3) There is no such thing as triumph by force.  Dominated ones become the dominators.

4) Political or dominative power is attained by ambition and maintained by control because historically, this has been the most efficient method.

5) Spiritual power is influenced by what we are.   We need to learn to surrender and trust in God and who we are in God.

6) There is great freedom when we trust God enough that we don’t have to fix or explain everything by ourselves.  (Nonetheless, we still try, don’t we?)

7) The goal of the “journey” is divination; to find God in me and me in God; to embody God in the world is to find who we are ontologically.

8)   “Beloved time’ is a constant of eternity.  All else passes away.  But time always gives the eternal now and God is present in the now.

9) A key message of the Bible is that only the outsider, the down trodden, the victim can really understand “the system.”  For this reason, we need to heed the many, many victims of mind control now coming forward with their personal stories.

10) Throughout history, most violence has been justified by leaders as ‘sacred violence’ or ‘sacrilized violence’.  This is the myth of redemptive violence.  Of course, any kind of violence leads to more violence.

11) A common attribute of those overcome by evil is that they suffer no self-doubt; they are always sure they are right.

12) In the Bible, God is telling us that he doesn’t let evil happen except to the degree he can transform it.  The message of the cross is that there is nothing God cannot transform.

13) The Catholic Church recognizes three sources of evil:  a) The “world system,” 2) the flesh/ego (including pride, anger, greed, etc.), and 3) the devil, the spirit of evil for evil’s sake.  This third evil is larger than “the system.”

14) Christians believe that evil must be opposed and stopped.

15)  (This will become relevant below):  Ages 3 to 4 are the “magical years” in the development of a person.  At this tender age, the brain has not yet had a chance to develop the left hemisphere and the concept of linear time.

16) The “Garden” is the symbol of “unitive consciousness.”  (God is in us and we are in God.  God is in human history and we have our history in God.)

17) This world could easily be destroyed by greed and violence.  Therefore, Jesus taught that we should live simply and nonviolently.

18) The Bible is the most dangerous book you can give to ego-centric, power-hungry people.  This is because they use it to lift themselves up instead of letting go of themselves.

19) In the lowest possible level of religion, sin has to do with loyalty to one’s group or tribe.  Thus, instead of reading the Bible as “my story” or “the story,” these people often read the Bible as “our story.”

20) Monotheistic peoples can be most judgmental, intolerant, and imperialistic people in history.  This is the dark side of monotheism.

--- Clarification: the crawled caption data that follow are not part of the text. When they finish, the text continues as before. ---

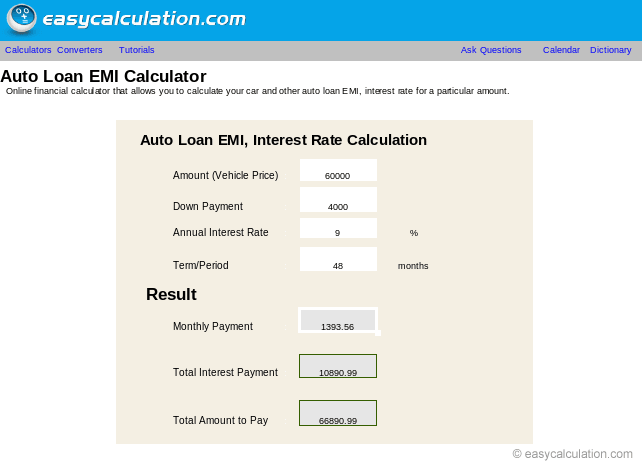 Калькулятор auto Power. Auto loan rates.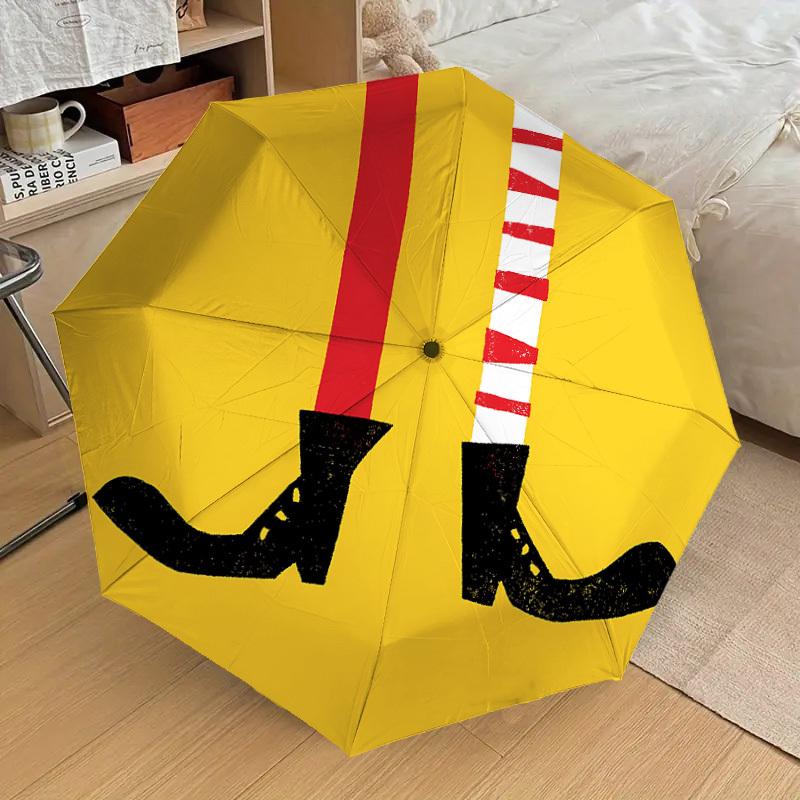 1pc Pippi Longstocking Automatic Folding Umbrella, Portable Collapsible Design, Casual Outdoor Accessory L1127098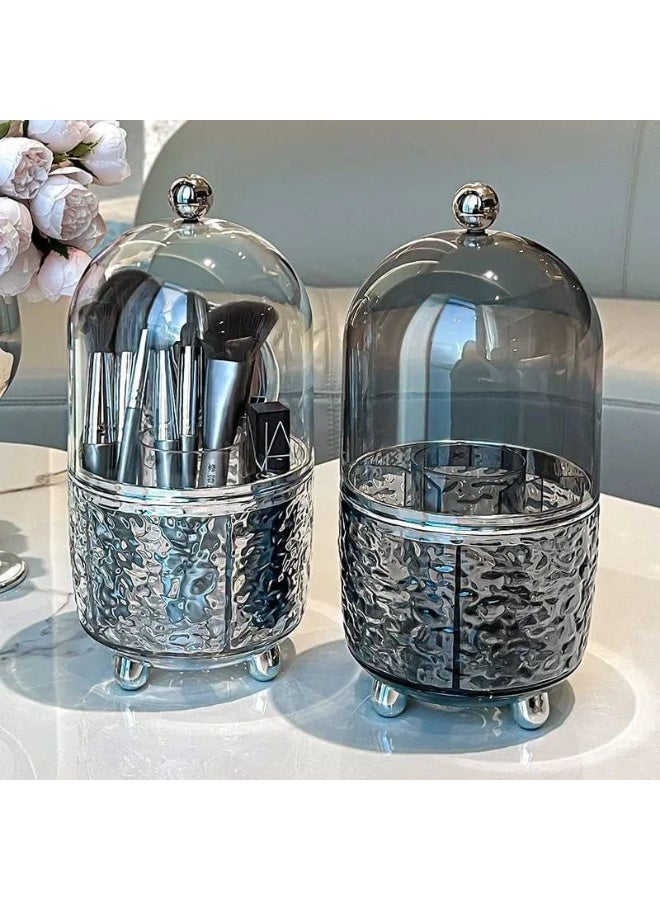 Makeup Brush Holder 360 Degree Rotating Makeup Brush Organizer with Cover for Dressing Table Dustproof - Image 2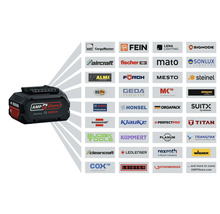 Akumulátor Bosch AMPShare 18 Volt s logami partnerov ako FEIN, fischer a brennenstuhl, ktoré ilustrujú kompatibilitu systému.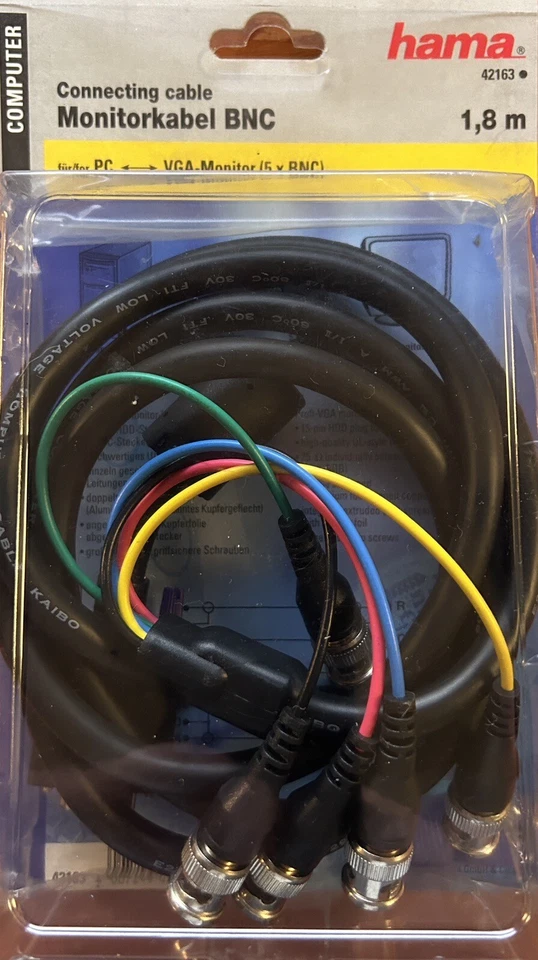 MONITOR KABEL VGA SVGA HD 15-PIN auf 5x BNC RGBHV ADAPTER KABEL 1,8m, HAMA 42163 - Bild 1 von 1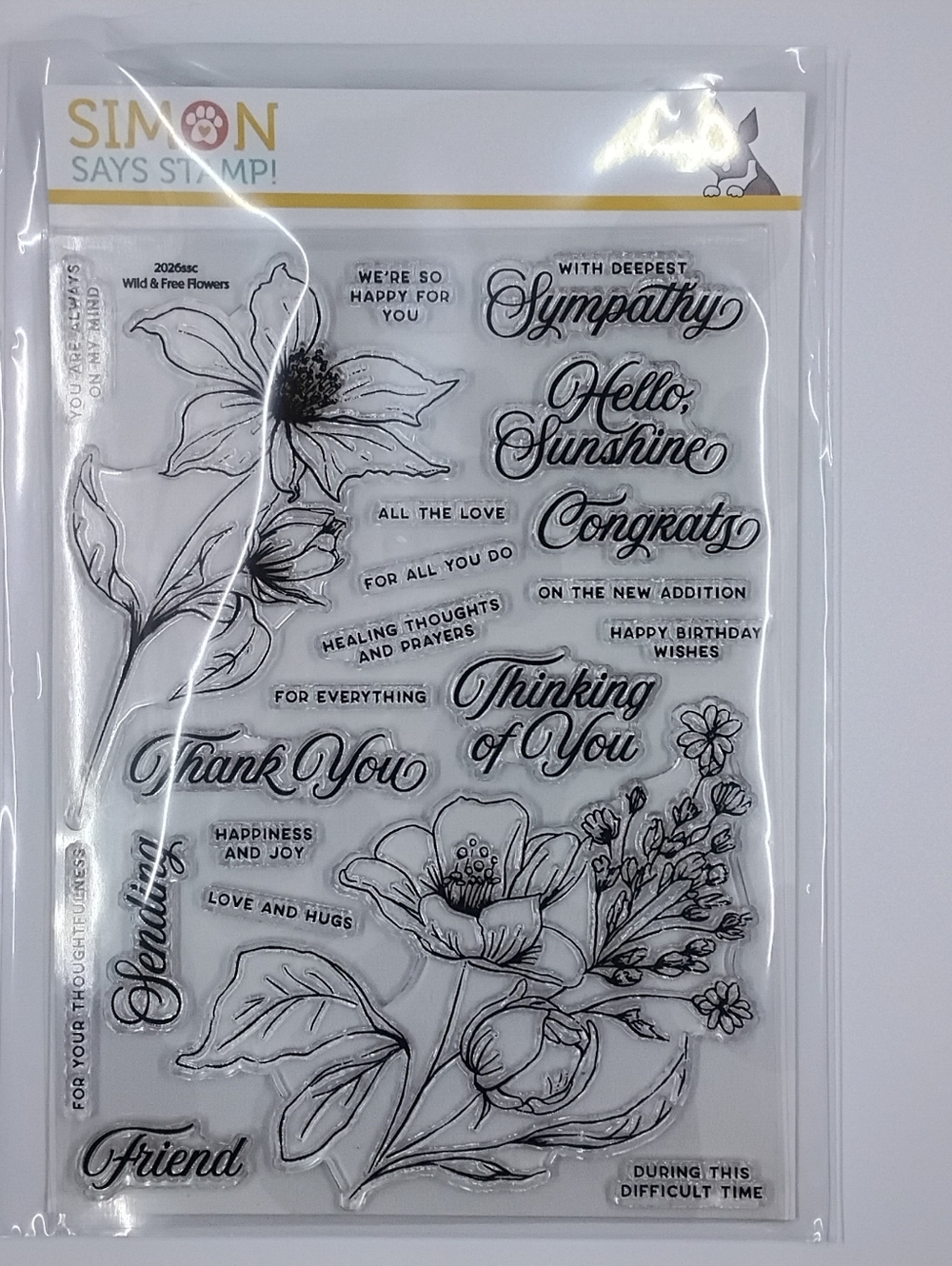 Simon Says Stamp Wild & Free Flowers Clear 6x8 Floral 2026ssc Stamp Set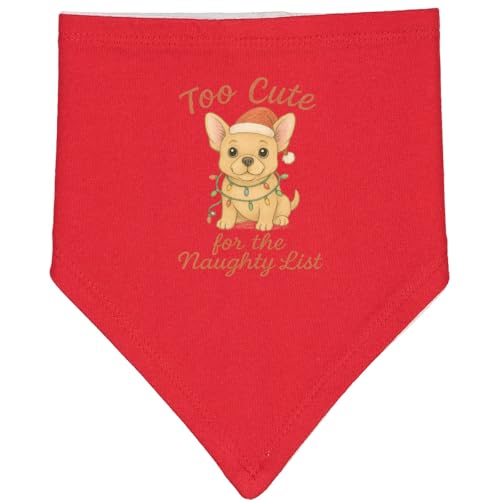 inktastic Too Cute for the Naughty List Christmas Dog Baby Bandana Bib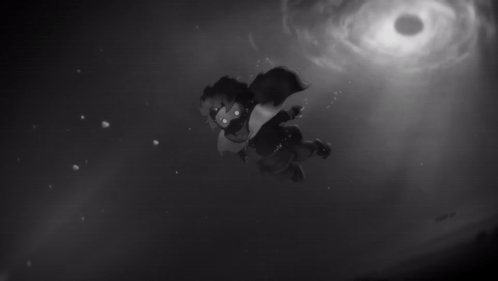 a black and white photo of a person flying in the air
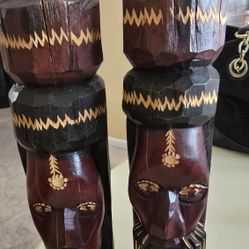 TRIBAL TIKI TORCH WOODEN CANDLE HOLDERS 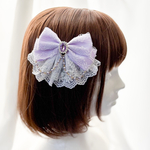 レースとパールたっぷり♡アイドルリボンクリップ　ラベンダー　ヘアクリップ　ヘアメ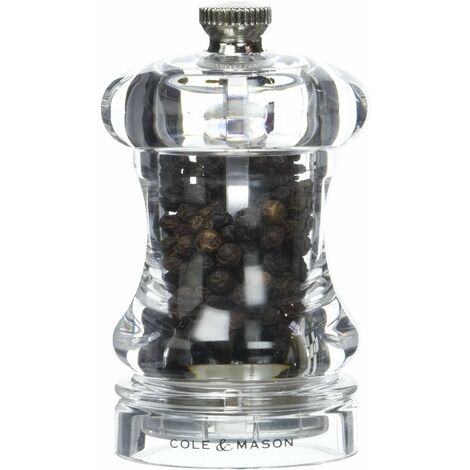 Cole & Mason H12501P Capstan Macina Pepe, Precision+/Macinatura Regolabile, Acrilico, 85mm, Include 1 x Mulino, Garanzia a Vita sul Meccanismo (1/2)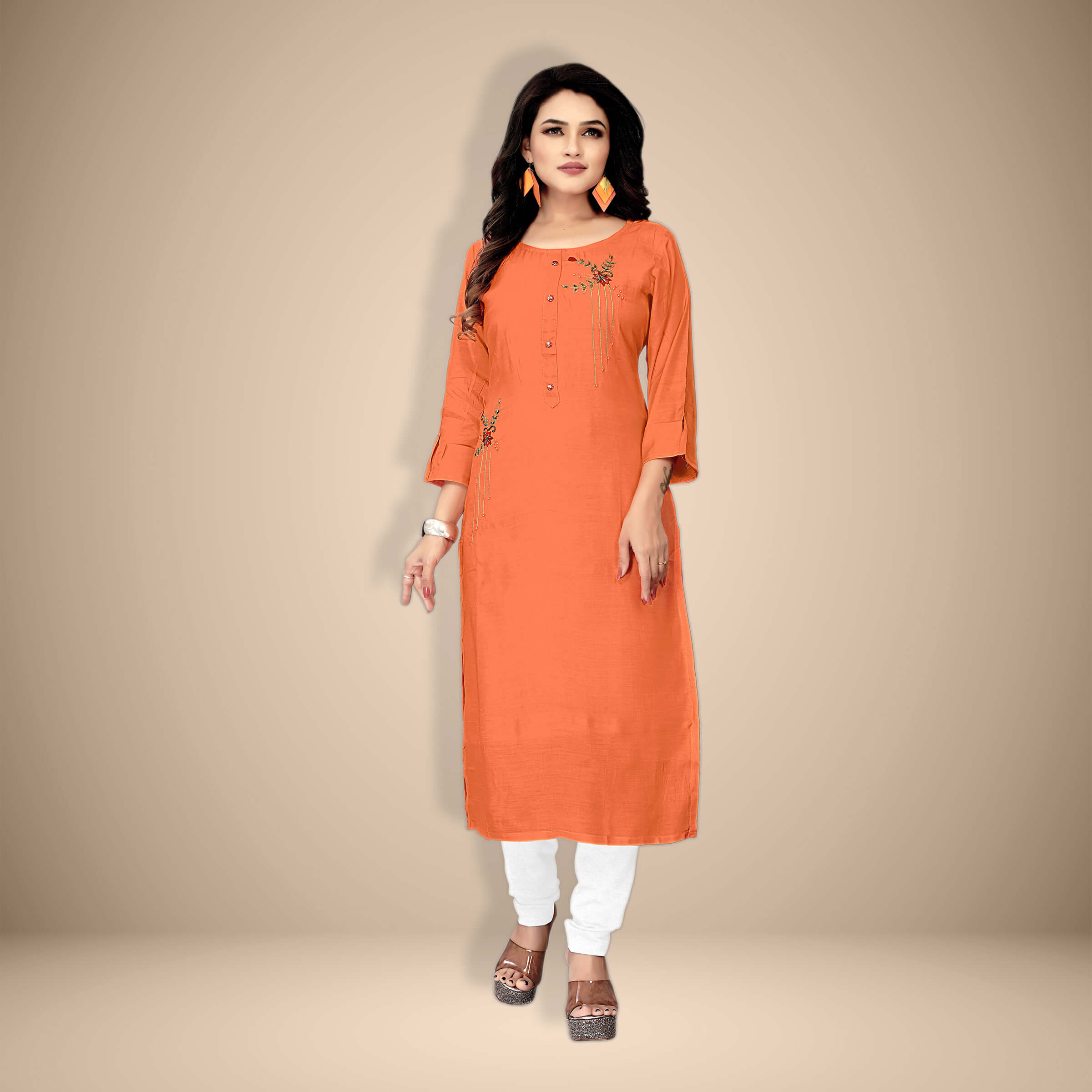 Buy Designer Silk Peach kurti with stylish handwork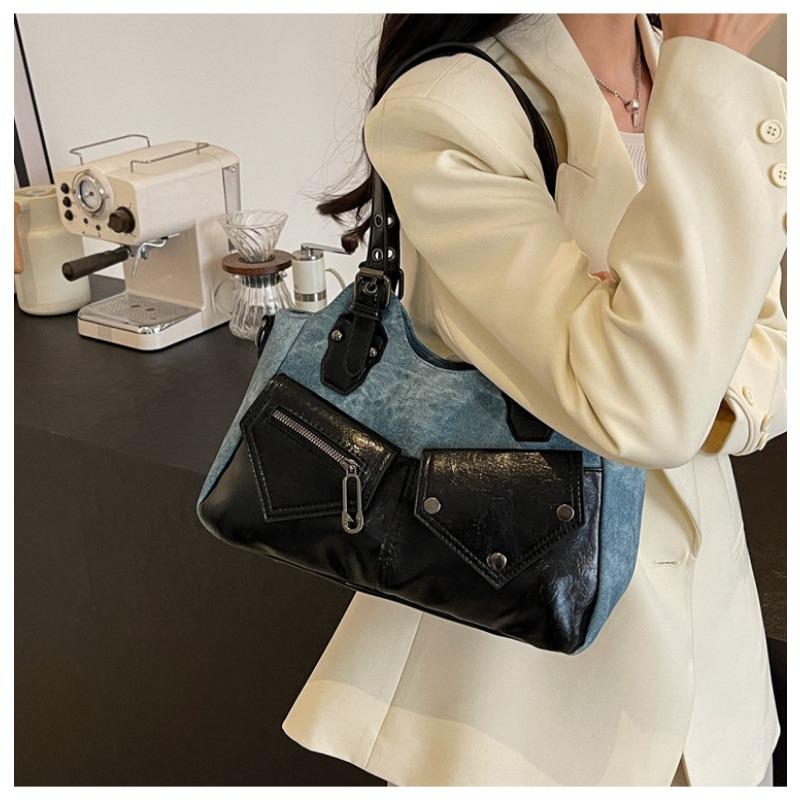 Vintage Euro-American Large Capacity Shoulder Bag New Crossbody Bag Patchwork Women Bag Minimalist Soft Leather Tote Bag
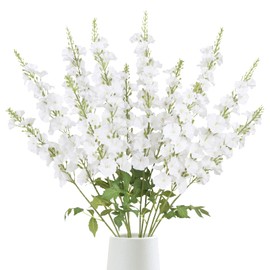 ICBOX Faux Morning Glory Flowers,6PCS White Delphinium Artificial Flowers 38.2'' Realistic Fake Silk Flowers for Wedding Party Home Garden Decor(White)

21) In a sense, we become the God we worship.  If we worship the Old Testament God of vengeance, wrath, and redemptive violence, we tend to become those things.  If we worship the New Testament God of love, mercy, and forgiveness, we tend to become that.

(ETK speaking again).  Thus, the spiritual journey absolutely requires that human beings have free will.  This is the Creator’s gift to us.   The loss of free will through mind control, then, could well result first, in our losing our basic humanity, and second, in our losing our potential to become sons and daughters of God in this life and the next.  We would be simply reduced to slaves and robots of more powerful individuals.  Both the controllers and the controllers would be damned to hell in this life and the next.  (At least that’s how I see it after a lifetime of searching.  Because the reader has free will, he/she may choose to agree or disagree with this assessment).  In any case, because the stakes are so high, we now must come to grips with the technologies and implications of mind control.